In the late 1990s, the ozone layer was found to have depleted by a worrying ten per cent, but the new findings revealed that since 2000 it has been increasing by up to three per cent per decade. It has been estimated that some parts of the Northern Hemisphere could be completely healed by the 2030s, while other areas could be repaired by the 2060s.

This seems almost unimaginable after the gaping holes in the ozone were only discovered in the 1980s. As a direct result of this, the Montreal agreement was established in 1987 and signed by one-hundred-and-eighty countries, aimed at reducing the global production of ozone-depleting substances used in products like aerosols, fridges and air conditioners.

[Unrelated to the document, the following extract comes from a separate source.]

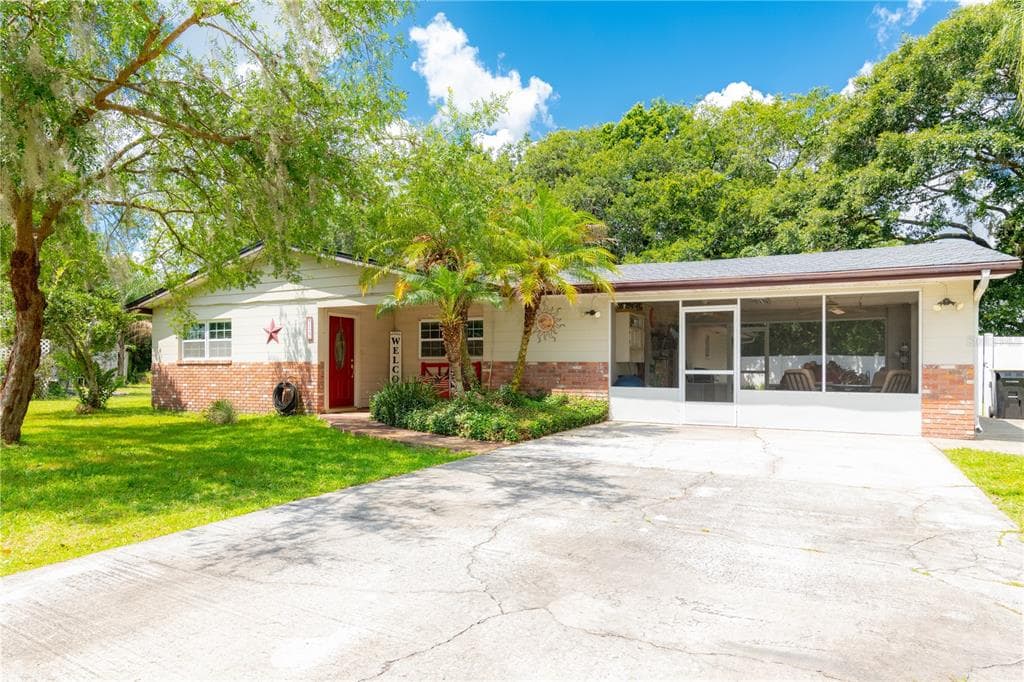 122 MARIS COURT LAKELAND, FL 33809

The UN report is a reassuring sign that, when it comes to the environment, all hope is not completely lost. It comes at especially good timing just a month after the unquestionably bleak report produced by the Intergovernmental Panel on Climate Change which stated that the Earth only has twelve years left to limit climate change. With the news that the phasing out of gases depleting the ozone layer could avoid global warming this century by as much as point five degrees, the planet’s future seems very slightly more hopeful.

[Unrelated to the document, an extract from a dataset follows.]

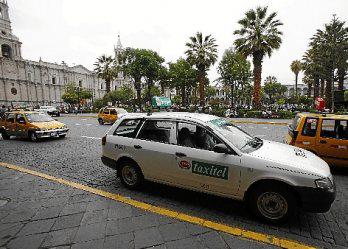 Policía identifica 1,500 taxis informales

Ultimately this shows that the Montreal agreement was undeniably successful in its sole aim of reducing the damage to the ozone layer. It is certainly also a good sign for the upcoming introduction of the Kigali Amendment to further drastically phase out climate-warming gases over the next thirty years. Hopefully, this can be used as an indicator of the powerful nature of such agreements and encourage more influential deals that’ll continue to produce visible change. Altering individual behaviour improves the amount of damage done to the Earth, but if we want to see a serious impact it’s clear that it will have to come from international pacts and restrictions.

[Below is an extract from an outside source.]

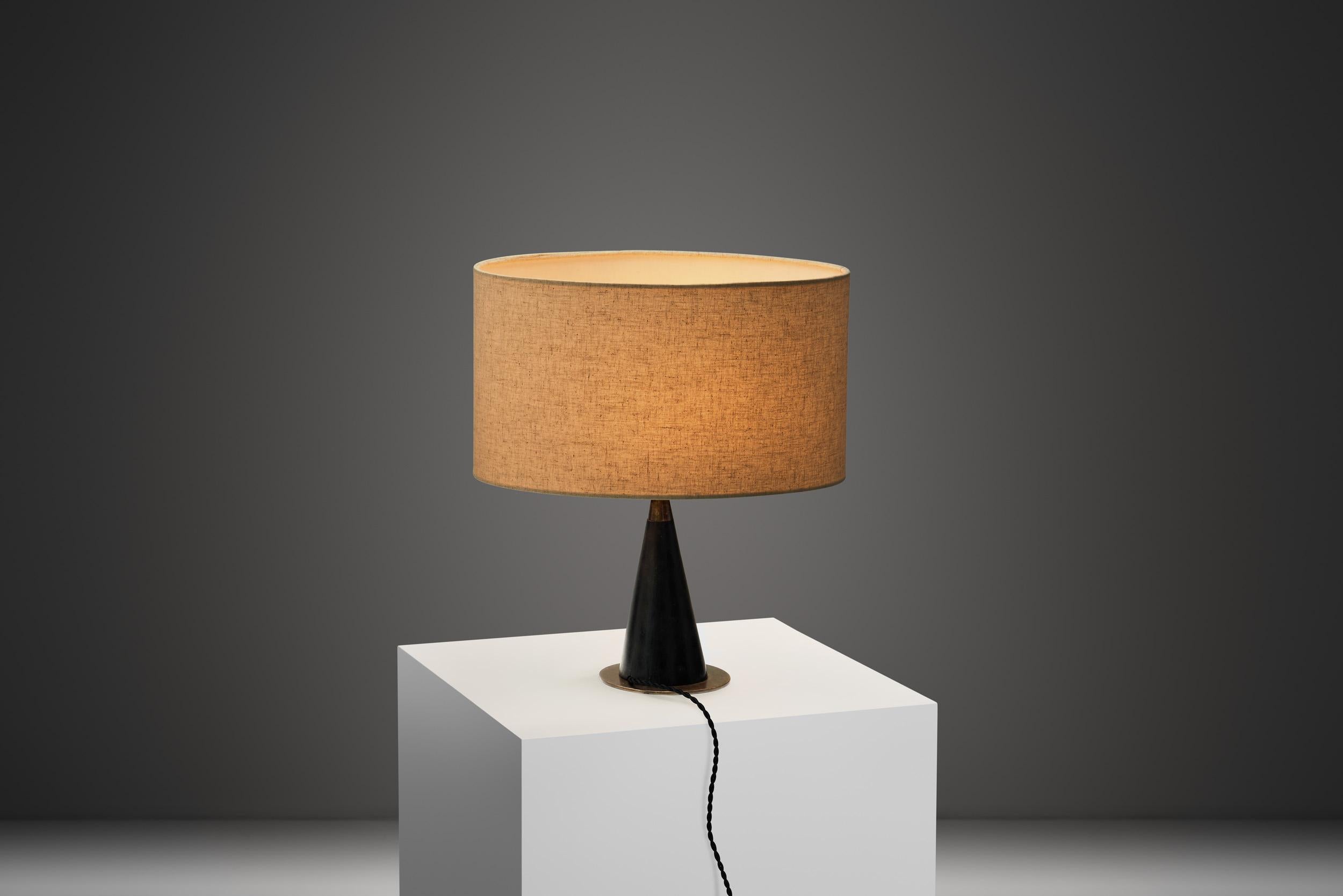 Finnish Table Lamp by Maria Lindeman, Finland Mid-20th Century For Sale 3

So perhaps all of this means we can relax slightly and stop focusing so much on the negative? I’m not saying we are anywhere close to significantly improving climate change; this is just a small sign of encouragement. There’s still concern over some areas of the ozone not being repaired and there’s been a resurgence of one of the banned gases in China. This is an extremely alarming breach of one of the world’s most effective environmental treaties and it’s unclear what the Chinese government is doing to stop this.

It’s worrying to think that there is complacency about the Montreal agreement already setting in from one of the most polluting countries in the world. And it’s far too easy to imagine climate change deniers using UN’s report to fuel their fire. A collective global effort is the only way we will have any chance to even partially recover from the damage already done.

However, the UN’s report is definite proof that laws and united determination can go a long way to improve the environmental damage and hopefully the findings will encourage further international agreements. We have taken a major step forward, but we still have a long way to go.